Número de temporadas: 10 smallville
Número de episódios: 217
Período de exibição: 16 de outubro de 2001 – 13 de maio de 2011
Há reboot? Não.

Além de ser um dos super-heróis mais conhecidos, Superman ainda teve uma década de 90 consideravelmente prolífica em produções nas variadas mídias, seja na TV, nos quadrinhos ou nos desenhos animados. No final da mesma década, o canal The WB Television Network buscou construir um cenário televisivo focado em jovens, como as produções Charmed, Buffy e Dawson ‘s Creek. Dessa forma, quando os produtores e roteiristas Alfred Gough e Miles Millar (Homem-Aranha 2, Eu Sou Número Quatro, Into the Badlands) sugeriram uma série sobre o Superman com influências televisivas do público juvenil, especialmente de Dawson ‘s Creek, e o que se generalizou do conceito do heroísmo de Clark Kent após tanta profusão do alter ego do azulão “noventista”, gritam alto na concepção do que é a série Smallville. Esse grito, ao mesmo tempo que contribuiu para um desenvolvimento artístico único e marcante para o piloto em 2001, também criou uma indecisão entre a objetividade e a didática para se reinterpretar Clark Kent para um novo público após o 11 de setembro.

O cenário de lançamento do piloto apresentou uma ambiguidade efetiva para o sucesso do primeiro episódio. A chegada de Kal-El é tratada com um realismo de desastre na cidade de Smallville, no Kansas, com meteoros matando dramaticamente uma família, destruindo milharais e mudando a nomeação da cidade do milho. Enquanto isso possa soar realmente assustador após o acontecimento com as torres-gêmeas, a narrativa de Martha (Annette O’Toole) e Jonathan Kent (John Schneider) almejando ter um filho, e o encontro pacífico de uma criança em meio aos destroços, é “iconizada” por um movimento vertical da câmera auxiliado por uma grua, mostrando Jonathan Kent olhando para o céu cada vez mais distante do foco do público, criando um sentimento de grandiosidade e esperança do céu. Nisso se constrói a efetividade nos primeiros minutos, em que pelo contexto da época, aliado à qualidade da direção de David Nutter (ER, Band of Brothers, Gangues da Noite, Game of Thrones), que consegue relacionar o realismo com sci-fi sem perder o tom rural do Kansas, a introdução clássica do Superman é preservada em grandiosidade e representada em drasticidade simultaneamente. 
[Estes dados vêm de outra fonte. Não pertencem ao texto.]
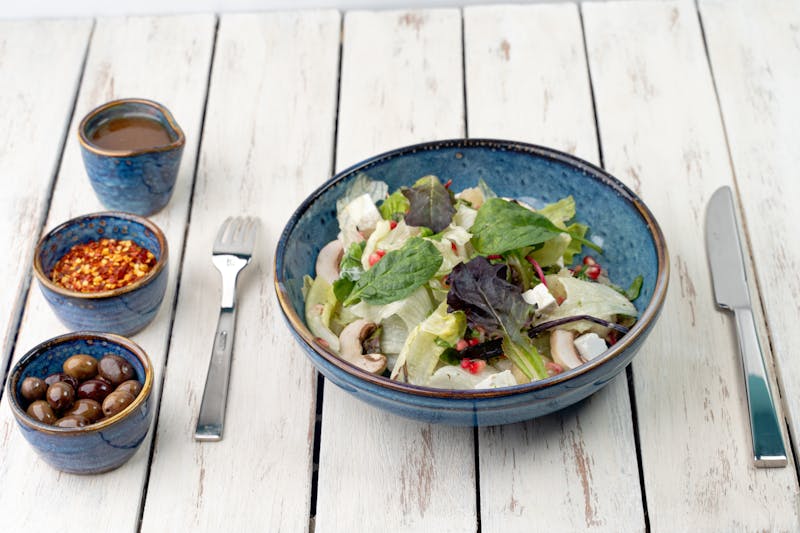 Mediterranean salad with olives feta and cucumber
No entanto, mesmo que haja essa objetividade dramática, em que é possível ser captada fora do contexto americano do 11 de setembro, a sequência da história do piloto estranhamente parece subestimar seu público, enquanto sugere destinos juvenis (juvenil com conotação negativa) para seus personagens como legitimação da mitologia do Superman, como justificativa didática de aplicar na verossimilhança da vida na cidadezinha de Smallville. Cada passo da construção audiovisual narrativa da juventude de Clark, seja em casa ou na escola, parece fazer parte de um complexo de coincidências, rimas que se justificam, não se justapõem, formando uma trama previsível tanto em objetividade quanto em simbologia. Essa linguagem do piloto se torna feliz, em aparência, porque consegue introduzir de maneira bastante acessível qualquer espectador, especialmente os jovens e os conhecedores da mitologia do azulão, porém, perde-se a imersão criada nos primeiros minutos. 
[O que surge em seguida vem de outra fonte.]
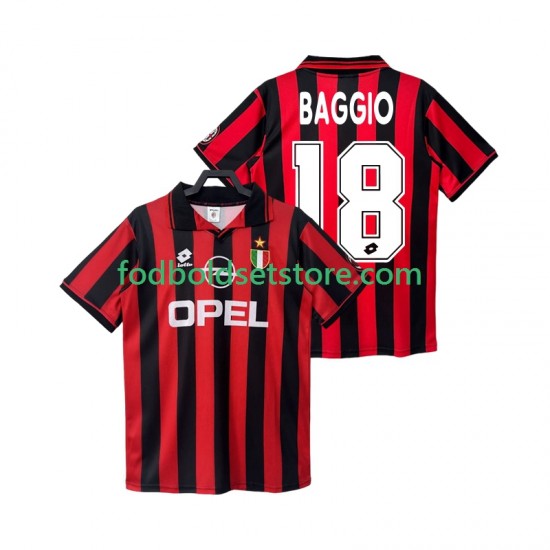 AC Milan Trøje BAGGIO 18 1996 1997 Retro Hjemmebane Kort ærmer ,Mænd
Na compensação de entregar um piloto de quase uma hora de introdução, apenas nesse conceito, de forma bem executada, a objetividade rege as direções da história e a montagem das cenas, em que num comparativo com o piloto original, que não foi ao ar na TV, vários dramas explicativos são substituídos para manter a exposição a partir de algo subentendido. Embora isso seja natural de uma produção, em que há várias versões de roteiro até a definição do que se quer trazer para TV, se explicita, mesmo assim, a indecisão de como introduzir sendo objetivo e didático. Isso se expõe quando a previsibilidade não advém do que o público já sabe sobre o final do episódio, e sim sobre como todas as peças e símbolos vão criar o conflito do episódio. 
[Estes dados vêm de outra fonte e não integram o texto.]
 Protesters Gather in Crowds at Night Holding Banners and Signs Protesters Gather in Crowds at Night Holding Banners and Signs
Desde do prelúdio da calvície de Lex Luthor (Michael Rosenbaum) até o vilão da semana, junto com a referência a Friedrich Nietzsche de Lana Lang (Kristin Kreuk) sobre Clark ser homem ou super-homem, e seu colar esverdeado de kryptonita, que faz Clark ficar bobo diante dela por mais um motivo além da paixonite; tudo isso é levado como introdução e foco narrativo da história. Lendo assim soa a base perfeita para um efeito harmonia pura para proveito do espectador, porém, tratar com o audiovisual, até mesmo na TV, quando alguns aspectos são simplificados na gravação, esse didatismo prejudica o efeito de progressão do episódio, como se houvesse uma redundância de introdução a cada cena.

Diante disso, parece que Tom Welling, o ator que interpreta Clark Kent, em toda essa trama de jovens, consegue entregar inicialmente uma jovialidade nua do vislumbre de Superman, como se sua atuação irregular servisse para um personagem cheio de segredos, como ele diz para Lana. Entretanto, a compensação e o complexo de coincidências começam a destinar o personagem a ser o Superman, em que toda a clara evidência de que tudo mudou em Smallville com ele precisasse urgentemente remeter a todas as conexões que a sua amiga jornalista Chloe (Allison Mack) coloca numa parede. Ou seja, o efeito precisa ser justificado, tudo precisa ser administrado dentro de um limite de introdução, como sugestões neutras para um público novo, mas significantes para o fã do Superman. Nisso se consta a indecisão de apresentação, como um reflexo temeroso da cobrança da produção midiática dos anos 90, seja das séries juvenis (não como conotação negativa) ou da mitologia do Superman. 

Logo, Clark precisa se tornar o herói do episódio com um vilão da semana investigado na última hora pelas milhares de conexões possíveis a um milharal. Além disso, o episódio precisa ter o espírito escolar da cidadezinha do Kansas, em um milhão de alternativas de tornar esse espaço importante. Um exemplo disso é a bonita cena em que, de maneira bem ensaiada, Tom Welling se coloca na frente de uma estátua no cemitério de Smallville para parecer que ele tem asas. Outro exemplo, dentro dessa mesma linha, é a simbologia cristã imbricada no Superman ser transformada numa tradição do colegial de Smallville, em que o calouro é colocado pendurado numa cruz, sem blusa, pintado com um S no peito, como um espantalho na plantação. E mesmo que isso seja uma adaptação minimamente criativa para mistificar realisticamente o Superman em Clark Kent jovenzinho, estilo Dawson’s Creek, acaba também por expor as fragilidades do piloto de Smallville em conseguir simbolizar, objetivar e didatizar sem perder o efeito de quebrar a primeira barreira da introdução.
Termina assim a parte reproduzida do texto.